Stop leaving her alone, she's a baby.

PP is right - you will struggle to rehome, so do all you can for her rather than worry about sofas.

tabulahrasa Tue 24-May-16 20:54:37

You haven't crate trained her, that never involves letting them get upset enough to be screaming.

Putting them in a crate and waiting for them to get resigned to being in there isn't crate training.

TheoriginalLEM Tue 24-May-16 20:56:31

food is a good point. we had a rescue rottie and he was bonkers. one of the things we did was change to alow protein food. we changed between chappie and james well beloved. it made a massive difference.

also try an adaptil plug in and or collar. it secretes a pheromone that is calming.

leave things for her to chew, stuffed kongs etc.

how fo you react when you come home to damage?

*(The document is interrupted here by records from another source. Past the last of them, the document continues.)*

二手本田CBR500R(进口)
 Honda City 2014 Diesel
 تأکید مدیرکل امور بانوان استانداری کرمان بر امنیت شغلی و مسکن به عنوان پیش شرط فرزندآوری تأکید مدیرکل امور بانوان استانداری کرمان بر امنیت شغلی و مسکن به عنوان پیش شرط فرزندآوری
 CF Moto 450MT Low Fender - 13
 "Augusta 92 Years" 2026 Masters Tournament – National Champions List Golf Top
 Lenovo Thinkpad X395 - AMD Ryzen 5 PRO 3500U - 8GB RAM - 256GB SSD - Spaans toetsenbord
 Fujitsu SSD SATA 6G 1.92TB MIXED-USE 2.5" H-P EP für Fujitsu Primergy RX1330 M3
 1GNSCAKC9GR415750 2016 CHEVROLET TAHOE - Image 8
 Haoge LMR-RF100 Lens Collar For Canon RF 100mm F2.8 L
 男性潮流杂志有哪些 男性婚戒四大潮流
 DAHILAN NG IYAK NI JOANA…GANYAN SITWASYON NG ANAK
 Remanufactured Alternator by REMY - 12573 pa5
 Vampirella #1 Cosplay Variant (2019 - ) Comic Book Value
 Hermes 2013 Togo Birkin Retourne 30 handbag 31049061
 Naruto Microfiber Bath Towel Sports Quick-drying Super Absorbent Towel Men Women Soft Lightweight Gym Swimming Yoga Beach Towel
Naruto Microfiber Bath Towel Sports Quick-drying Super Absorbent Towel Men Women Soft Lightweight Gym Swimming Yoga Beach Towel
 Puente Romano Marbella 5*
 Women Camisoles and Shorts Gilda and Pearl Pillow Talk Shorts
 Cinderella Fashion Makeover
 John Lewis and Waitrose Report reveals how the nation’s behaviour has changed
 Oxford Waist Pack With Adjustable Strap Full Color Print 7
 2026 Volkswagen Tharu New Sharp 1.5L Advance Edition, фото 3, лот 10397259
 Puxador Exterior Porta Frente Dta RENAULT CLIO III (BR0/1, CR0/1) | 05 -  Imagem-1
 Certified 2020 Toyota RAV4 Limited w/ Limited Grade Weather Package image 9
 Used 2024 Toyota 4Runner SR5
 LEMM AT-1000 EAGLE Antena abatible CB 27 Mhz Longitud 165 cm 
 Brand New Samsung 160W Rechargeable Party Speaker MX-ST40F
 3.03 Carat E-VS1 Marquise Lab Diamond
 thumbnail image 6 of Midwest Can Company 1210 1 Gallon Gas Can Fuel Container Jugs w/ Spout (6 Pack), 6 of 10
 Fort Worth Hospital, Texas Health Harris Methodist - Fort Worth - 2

MrsJayy Tue 24-May-16 21:06:50

You have a giant baby dog its bored anxious and doesnt know what to do with its self could you afford a behaviourist

MrsJayy Tue 24-May-16 21:08:40

Thats true about food ours came on organic food made my dog bonkers with to much energy changed to chappie 3 dsys and he calmed down

charliedontsurf Tue 24-May-16 21:11:51

OP, just want to sympathise. My dog decided to chew up the entire contents of my make up bag today. Over £100 worth of make up gone and I've just gone part time after mat leave so can't afford to replace it! He was only alone for an hour before my SIL came over to take him out for the day! So frustrating.

Quodlibet Tue 24-May-16 21:18:33

The dog doesn't know whether you are going to be gone for one hour or six. The anxiety level when you leave her is the same.

'About' two walks a day and/or some running about in the garden is not sufficient exercise. Young active dogs need 2 guaranteed walks at least, 30 mins to an hour with as much of that off lead as possible.

You really need to spend money on some specialist training help before this dog becomes unhomeable. It sounds like an anxiety issue combined with young dog exuberance. Your 'crate training' experiments probably contributed to the poor thing's separation anxiety to be honest.

Wolfiefan Tue 24-May-16 21:19:03

You padlocked her in a crate? Really? That is NOT crate training.
You need to start as if she is a tiny puppy. Leaving her with a toy or game for five minutes. Praise when you return but not making a fuss when you leave.
Crate training involves making the crate a safe retreat for the dog and giving treats and toys when in it. Not barricading a dog in.

ShizeItsWeegie Tue 24-May-16 21:24:48

Thanks to those that back my view over the food. A DAP (dog appeasing pheromone) plug in or collar would help too.
Absolutely vital you don't tell her off if you get home and find something destroyed. It makes them more anxious. I took on a dog as his third home. He was very destructive in both previous homes. He wrecked my sofa and was cowering behind it when I got home after an hour at the shops. I reassured him it was OK (it wasn't but hey) I did this twice more over other things, I never made a fuss about going out but made a massive deal about being glad to see him when I came back and the destruction stopped within two weeks. I had him until he was 11 (PTS with splenic tumour) and he never chewed anything but his dinner. It's easy to accidentally give a dog the wrong message. If she is anxious about you telling her off when you get back, the anxiety may manifest itself as chewing stuff up. Good luck OP.